Directions for this task — Could you set down exactly the lines of the data below, starting at the one that holds "Opalized petrified wood" and ending at the one that holds "The Beauty Of", both included, and only those?

━━━━━ Entries supplied

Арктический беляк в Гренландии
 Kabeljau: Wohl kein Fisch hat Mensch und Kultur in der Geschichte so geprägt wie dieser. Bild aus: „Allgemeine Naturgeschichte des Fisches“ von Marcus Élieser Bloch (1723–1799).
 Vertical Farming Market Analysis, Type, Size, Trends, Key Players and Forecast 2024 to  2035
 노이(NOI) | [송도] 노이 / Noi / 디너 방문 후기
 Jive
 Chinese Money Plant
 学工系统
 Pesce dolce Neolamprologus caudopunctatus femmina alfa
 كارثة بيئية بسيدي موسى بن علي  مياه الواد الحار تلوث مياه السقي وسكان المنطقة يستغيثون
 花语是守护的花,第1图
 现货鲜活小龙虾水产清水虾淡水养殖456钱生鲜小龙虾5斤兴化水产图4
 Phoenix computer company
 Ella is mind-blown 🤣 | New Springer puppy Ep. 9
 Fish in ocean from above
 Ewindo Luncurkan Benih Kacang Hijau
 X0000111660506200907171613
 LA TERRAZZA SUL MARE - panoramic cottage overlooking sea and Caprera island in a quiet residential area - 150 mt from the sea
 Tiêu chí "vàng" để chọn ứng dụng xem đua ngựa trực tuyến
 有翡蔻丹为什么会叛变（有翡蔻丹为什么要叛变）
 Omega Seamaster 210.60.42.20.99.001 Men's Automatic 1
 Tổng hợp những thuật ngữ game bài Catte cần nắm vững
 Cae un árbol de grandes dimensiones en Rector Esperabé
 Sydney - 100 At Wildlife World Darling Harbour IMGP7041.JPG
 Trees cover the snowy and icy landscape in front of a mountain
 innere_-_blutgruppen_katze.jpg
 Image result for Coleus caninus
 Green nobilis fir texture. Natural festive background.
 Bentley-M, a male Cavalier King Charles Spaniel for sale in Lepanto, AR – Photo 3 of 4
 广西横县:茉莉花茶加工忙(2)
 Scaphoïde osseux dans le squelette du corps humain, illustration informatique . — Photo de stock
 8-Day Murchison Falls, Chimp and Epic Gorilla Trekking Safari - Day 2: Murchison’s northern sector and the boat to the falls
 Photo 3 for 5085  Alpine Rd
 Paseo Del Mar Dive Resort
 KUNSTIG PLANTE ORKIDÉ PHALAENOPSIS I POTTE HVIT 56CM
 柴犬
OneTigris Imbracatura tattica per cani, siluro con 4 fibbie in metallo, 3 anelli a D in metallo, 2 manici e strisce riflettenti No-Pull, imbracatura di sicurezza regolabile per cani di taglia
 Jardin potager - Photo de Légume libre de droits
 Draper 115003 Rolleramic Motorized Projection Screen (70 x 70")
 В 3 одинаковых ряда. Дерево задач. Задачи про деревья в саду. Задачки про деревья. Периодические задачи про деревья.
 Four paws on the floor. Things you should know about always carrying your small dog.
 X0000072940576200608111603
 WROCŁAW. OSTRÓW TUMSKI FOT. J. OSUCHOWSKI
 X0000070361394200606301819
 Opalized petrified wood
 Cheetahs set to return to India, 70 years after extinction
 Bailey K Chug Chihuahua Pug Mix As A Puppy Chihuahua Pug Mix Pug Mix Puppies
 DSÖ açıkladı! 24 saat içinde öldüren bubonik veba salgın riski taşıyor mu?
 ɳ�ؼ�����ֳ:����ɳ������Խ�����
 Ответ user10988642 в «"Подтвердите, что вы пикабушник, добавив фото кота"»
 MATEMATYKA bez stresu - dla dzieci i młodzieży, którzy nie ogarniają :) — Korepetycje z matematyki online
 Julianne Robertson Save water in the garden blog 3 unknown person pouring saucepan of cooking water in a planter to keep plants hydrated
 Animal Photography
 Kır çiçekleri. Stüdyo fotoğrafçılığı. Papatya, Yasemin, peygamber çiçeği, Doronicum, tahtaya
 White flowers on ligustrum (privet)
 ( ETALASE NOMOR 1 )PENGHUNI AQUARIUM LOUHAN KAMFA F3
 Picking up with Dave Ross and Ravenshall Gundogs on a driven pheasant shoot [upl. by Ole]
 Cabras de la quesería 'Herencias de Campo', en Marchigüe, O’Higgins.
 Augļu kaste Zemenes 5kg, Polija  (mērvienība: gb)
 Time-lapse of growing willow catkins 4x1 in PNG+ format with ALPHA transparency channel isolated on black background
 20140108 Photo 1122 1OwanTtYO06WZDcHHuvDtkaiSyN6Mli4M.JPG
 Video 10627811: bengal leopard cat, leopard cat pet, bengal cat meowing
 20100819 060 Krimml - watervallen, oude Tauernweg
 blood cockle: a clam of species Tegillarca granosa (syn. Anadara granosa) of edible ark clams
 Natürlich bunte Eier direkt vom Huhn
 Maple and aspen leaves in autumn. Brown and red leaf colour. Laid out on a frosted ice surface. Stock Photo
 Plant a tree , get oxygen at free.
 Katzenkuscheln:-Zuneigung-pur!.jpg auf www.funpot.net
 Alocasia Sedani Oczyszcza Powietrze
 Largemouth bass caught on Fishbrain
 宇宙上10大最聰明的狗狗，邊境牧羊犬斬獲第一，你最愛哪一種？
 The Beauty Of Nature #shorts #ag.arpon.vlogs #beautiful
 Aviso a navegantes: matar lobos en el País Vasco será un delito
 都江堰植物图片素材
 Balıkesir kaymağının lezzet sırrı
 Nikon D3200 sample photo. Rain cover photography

━━━━━━━━━━

Result for this exercise —
 Opalized petrified wood
 Cheetahs set to return to India, 70 years after extinction
 Bailey K Chug Chihuahua Pug Mix As A Puppy Chihuahua Pug Mix Pug Mix Puppies
 DSÖ açıkladı! 24 saat içinde öldüren bubonik veba salgın riski taşıyor mu?
 ɳ�ؼ�����ֳ:����ɳ������Խ�����
 Ответ user10988642 в «"Подтвердите, что вы пикабушник, добавив фото кота"»
 MATEMATYKA bez stresu - dla dzieci i młodzieży, którzy nie ogarniają :) — Korepetycje z matematyki online
 Julianne Robertson Save water in the garden blog 3 unknown person pouring saucepan of cooking water in a planter to keep plants hydrated
 Animal Photography
 Kır çiçekleri. Stüdyo fotoğrafçılığı. Papatya, Yasemin, peygamber çiçeği, Doronicum, tahtaya
 White flowers on ligustrum (privet)
 ( ETALASE NOMOR 1 )PENGHUNI AQUARIUM LOUHAN KAMFA F3
 Picking up with Dave Ross and Ravenshall Gundogs on a driven pheasant shoot [upl. by Ole]
 Cabras de la quesería 'Herencias de Campo', en Marchigüe, O’Higgins.
 Augļu kaste Zemenes 5kg, Polija  (mērvienība: gb)
 Time-lapse of growing willow catkins 4x1 in PNG+ format with ALPHA transparency channel isolated on black background
 20140108 Photo 1122 1OwanTtYO06WZDcHHuvDtkaiSyN6Mli4M.JPG
 Video 10627811: bengal leopard cat, leopard cat pet, bengal cat meowing
 20100819 060 Krimml - watervallen, oude Tauernweg
 blood cockle: a clam of species Tegillarca granosa (syn. Anadara granosa) of edible ark clams
 Natürlich bunte Eier direkt vom Huhn
 Maple and aspen leaves in autumn. Brown and red leaf colour. Laid out on a frosted ice surface. Stock Photo
 Plant a tree , get oxygen at free.
 Katzenkuscheln:-Zuneigung-pur!.jpg auf www.funpot.net
 Alocasia Sedani Oczyszcza Powietrze
 Largemouth bass caught on Fishbrain
 宇宙上10大最聰明的狗狗，邊境牧羊犬斬獲第一，你最愛哪一種？
 The Beauty Of Nature #shorts #ag.arpon.vlogs #beautiful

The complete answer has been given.